Eine Regelung zu Amtsblättern gibt es in Sachsen-Anhalt nicht. Neben reinen Amtsbälttern, die nur die amtlichen Mitteilungen enthalten, gibt es auch jene, die neben den amtlichen Mitteilungen einen redaktionell gestalteten Bereich enthalten. Unterliegt dieser Bereich der Kontrolle der Kommunalaufsicht? „Das Amtsblatt ist in erster Linie ein öffentliches Bekanntmachungsorgan der Gemeinde. Neben den öffentlichen Bekanntmachungen der Gemeinde können im Amtsblatt, getrennt vom amtlichen Teil, jedoch auch weitere nichtamtliche Informationen für die Bürger aufgenommen werden. Insoweit kommt dem Amtsblatt in seinem nichtamtlichen Teil die Funktion eines Informationsinstruments der Gemeinde für die Einwohner zu. Hinsichtlich der Beiträge im nichtamtlichen Teil des Amtsblatts steht der Gemeinde kein inhaltliches Kontrollrecht zu, etwa auf die Überprüfung der Richtigkeit der in einem Artikel ausgebreiteten Fakten oder der inhaltlichen Vereinbarkeit mit der kommunalpolitischen Auffassung des Bürgermeisters und des Gemeinderates.

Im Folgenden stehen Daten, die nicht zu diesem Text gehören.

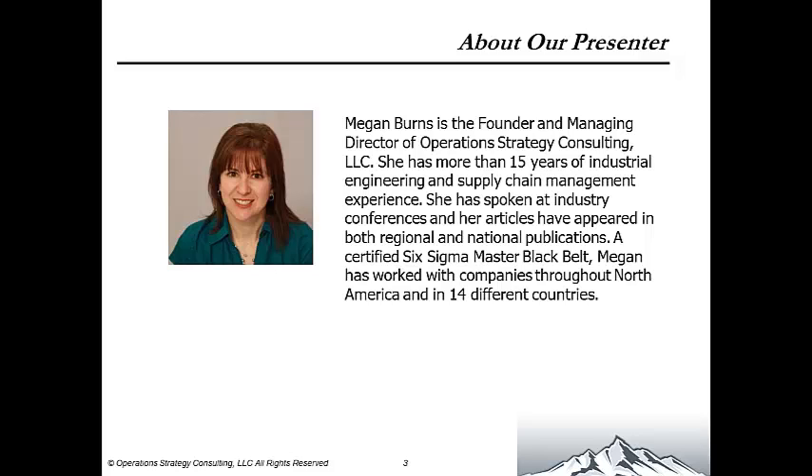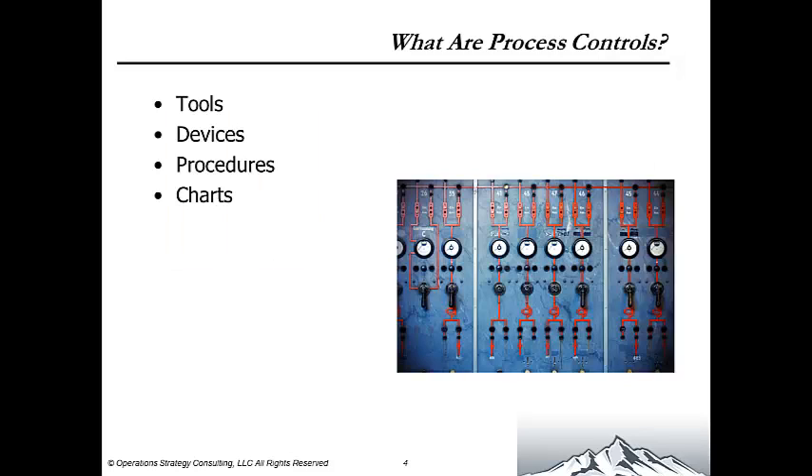Thank you, Alexandra. Let's start with the basics and first answer the question: what exactly are process controls?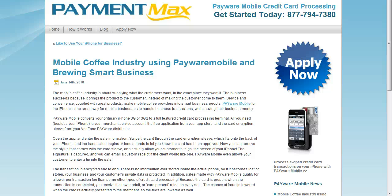Hi everyone, welcome to PayWard Mobile Credit Card Processing. Today we're going to talk about the PayWard Mobile being a solution to the mobile coffee industry. You'll notice on this blog here that the three things that are needed to process credit cards on the iPhone is the card reader, the iPhone, and also the app.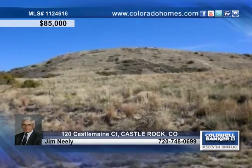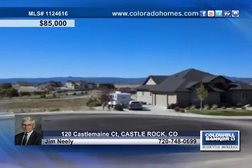All the lots have sufficient level space for dwelling, and there are four beautiful custom homes already in place and occupied. Call Jim Neely to find out more.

Die Gemeinde ist allein für den Inhalt des amtlichen Teiles des Amtsblattes verantwortlich. Einer allgemeinen kommunalaufsichtlichen Kontrolle unterliegt sie hierbei nicht“, teilt Danilo Weiser mit. Der Pressesprecher des Innenministeriums verweist aber auch auf die Neutralitätspflicht der Amtsträger. „Der Grundsatz der Freiheit der Wahl erfordert grundsätzlich von allen mit der Durchführung der Wahlen betrauten Amtsträgern und Organen eine Neutralität während des Wahlverfahrens und insbesondere in der heißen Wahlkampfphase, etwa acht Wochen vor der Wahl.“ Trotzdem müsse für eine Beurteilung immer der Einzelfall betrachtet werden, so Weiser weiter.

Noch befindet sich die Stadt nicht in der heißen Wahlkampfphase. Dennoch hätte sich Thomas Wenzel hier mehr Zurückhaltung gewünscht. Schließlich hätten andere Bewerber die Möglichkeit nicht, im Amtsboten auf ihre Kandidatur hinzuweisen. Außerdem werde der Amtsbote aus öffentlichen Mitteln bezahlt, begründet er seinen Ärger. Immerhin gibt die Stadt für den Amtsboten und den Internetauftritt jährlich rund 58.000 Euro aus.